I stood in the queue, placing my one purchase on the conveyor belt and then setting down the yellow Netto bar to signify the end of my purchase and the beginning of the next customer after me. It was a meagre haul, just a pint of milk. In front of us, the customer was only purchasing 3 items and we knew we didn’t have long to wait, but I glanced at my watch anyway, instinctively as we had a trip to the tip to make before the 6pm deadline.

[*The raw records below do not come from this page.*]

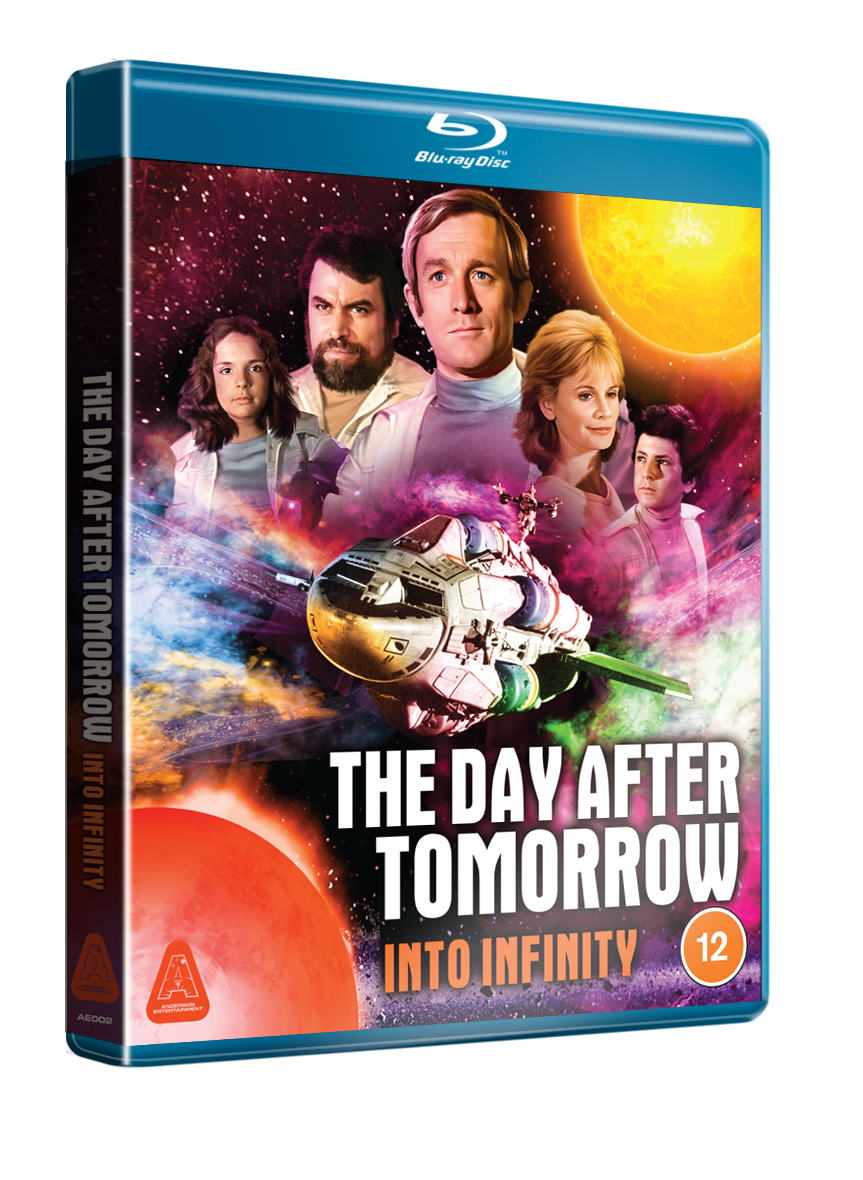 The Day After Tomorrow: Into Infinity [Blu-ray]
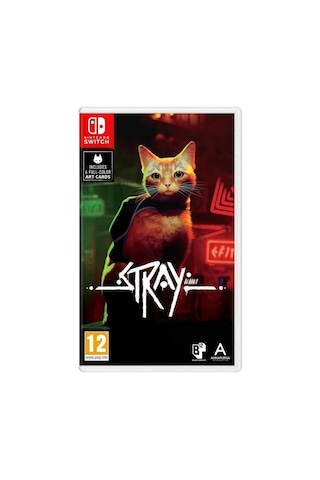 Annapurna Interactive Stray Nintendo Switch Oyun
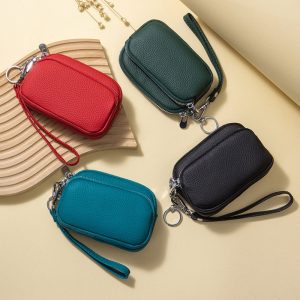 本革 ハンド バッグ ミニ 小銭 入れ ボックス 型 小銭 入れ ミニ 財布 キーホルダー 付き 財布 ストラップ付き コインケース 小物 入れ マルチ ポーチ 本革 ハンド バッグ ミニ 小銭 入れ ボックス 型 小銭 入れ ミニ 財布 キーホルダー 付き 財布 ストラップ付き コインケース 小物 入れ マルチ ポーチ
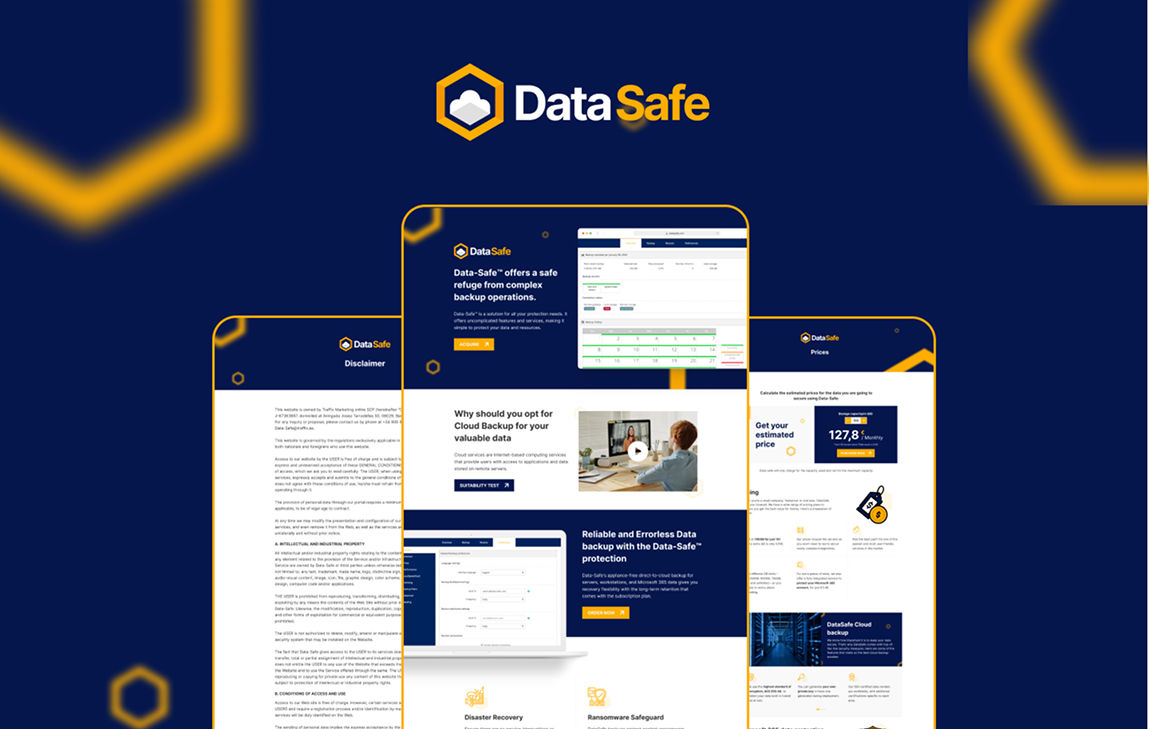 Data Safe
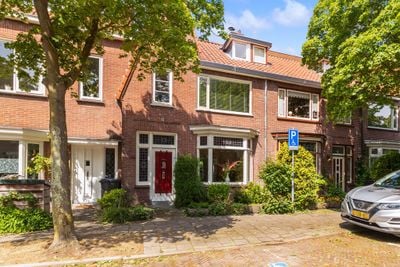 Foto van Zonnebloemstraat 44, Haarlem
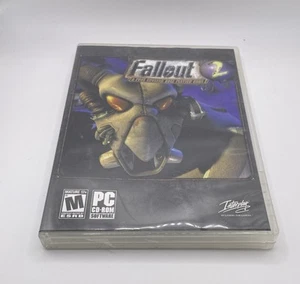 Fallout 2 (PC, 1998) MINT DISC - Picture 1 of 4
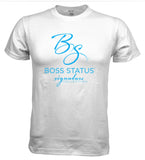 Boss Status Signature Collection Men's T-Shirts With Various Brand - BossStatusCollection.Com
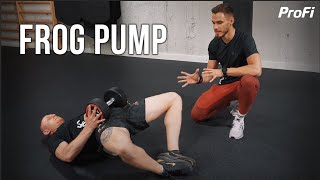FROG PUMP - POPRAWNA TECHNIKA - DAMIAN ARCHACKI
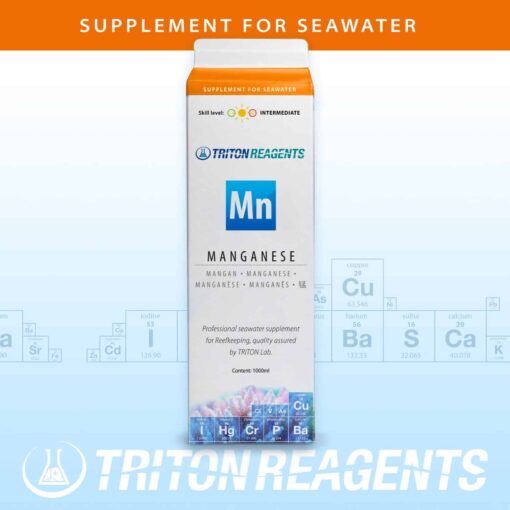 TRACE BASE MANGANESE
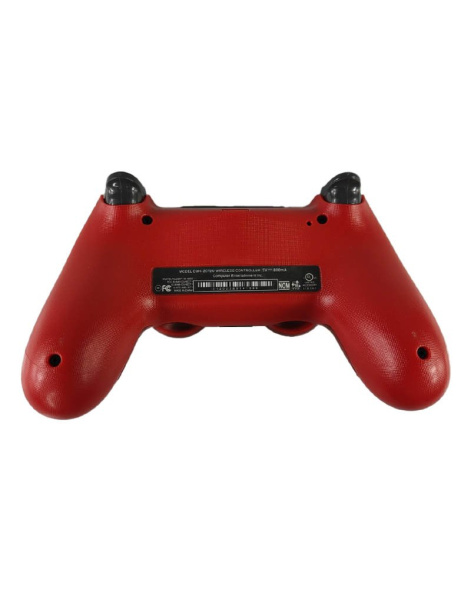 Джойстик P4 (прозорий червоний)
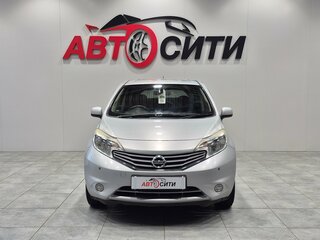 2012 Nissan Note II, серый, 725000 рублей, вид 2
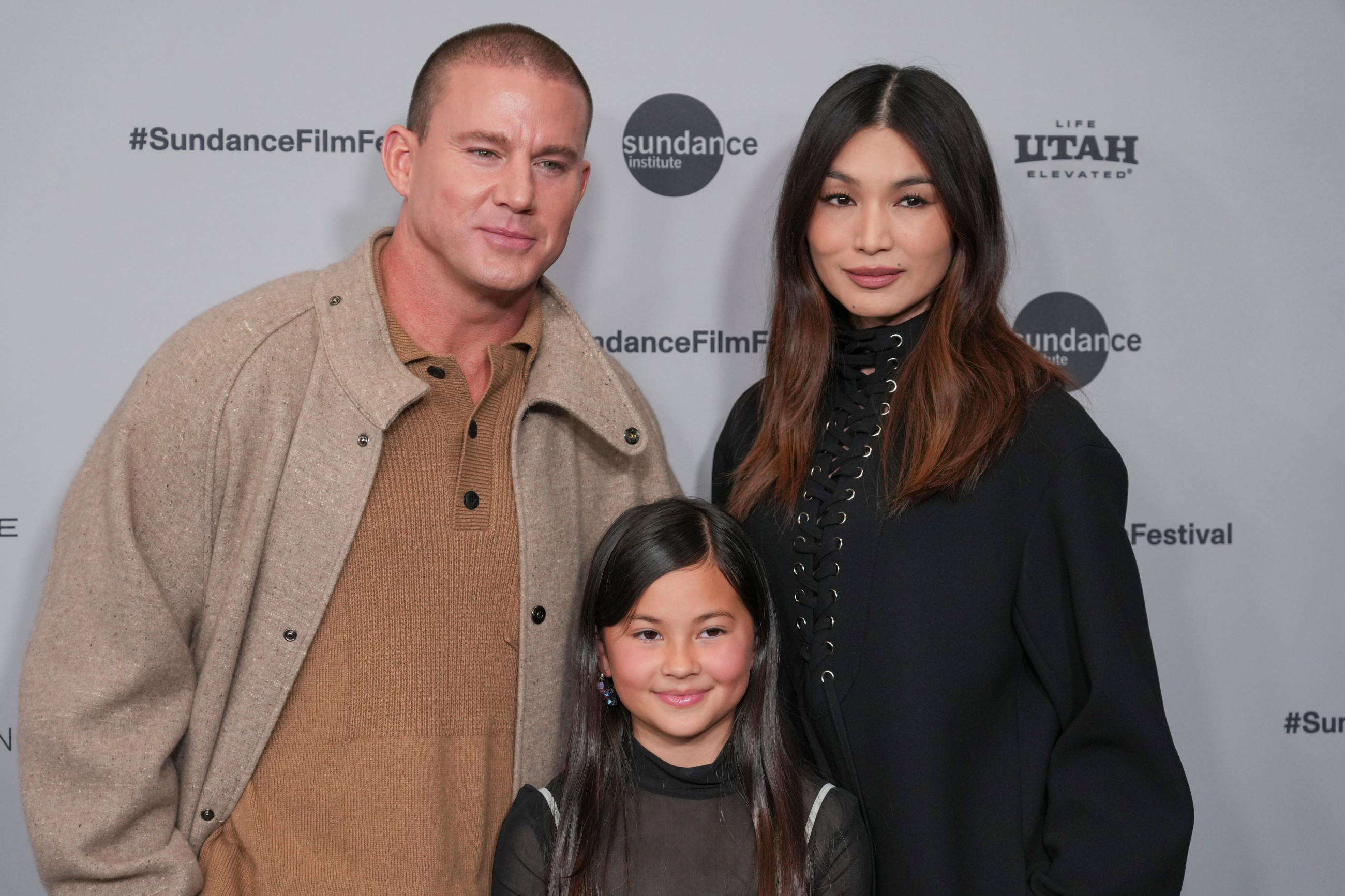Channing Tatum, Olivia Wilde and Charli xcx premiere movies at Sundance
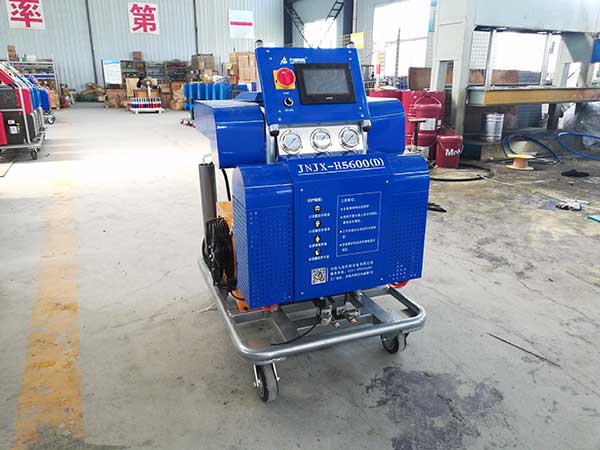 聚脲涂料噴涂機(圖1) H5600聚脲涂料噴涂機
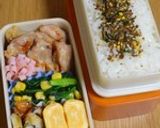 コーンほうれん草☆作り方5写真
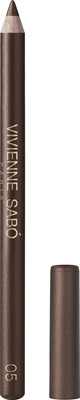 Карандаш для глаз Vivienne Sabo Merci тон 05 коричневый с перламутром (1.4г)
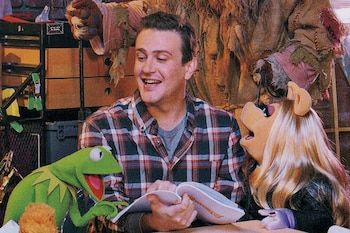 Jason Segel reveló que filmó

Finally, he paid and it took only a moment for the cashier to ring through the solitary purchase with a ping and then one of only two sentences spoken in the transaction, “9 krone”. I removed my card from my wallet and paid contactlessly. Which is the way our transactions are more and more destined to be, contactless. You could almost replace the word with soulless. The machine displayed it’s approval of the transaction and the assistant on the checkout asked next “Abonnement med?”. “Ja Tak”, I replied. He handed me my piece of paper, the proof of the transaction and the only time in the transaction we may fear physically touching another human being. I took it and we left. Aware that the entire transaction had taken place without any eye contact being made. Outside, as I got into the car, I noticed the receipt even had the name of the checkout assistant on it.
All throughout the world, millions of these transactions are taking place. Every minute of every day. I wonder how many of them involve a father and son though and take place in the manner just described?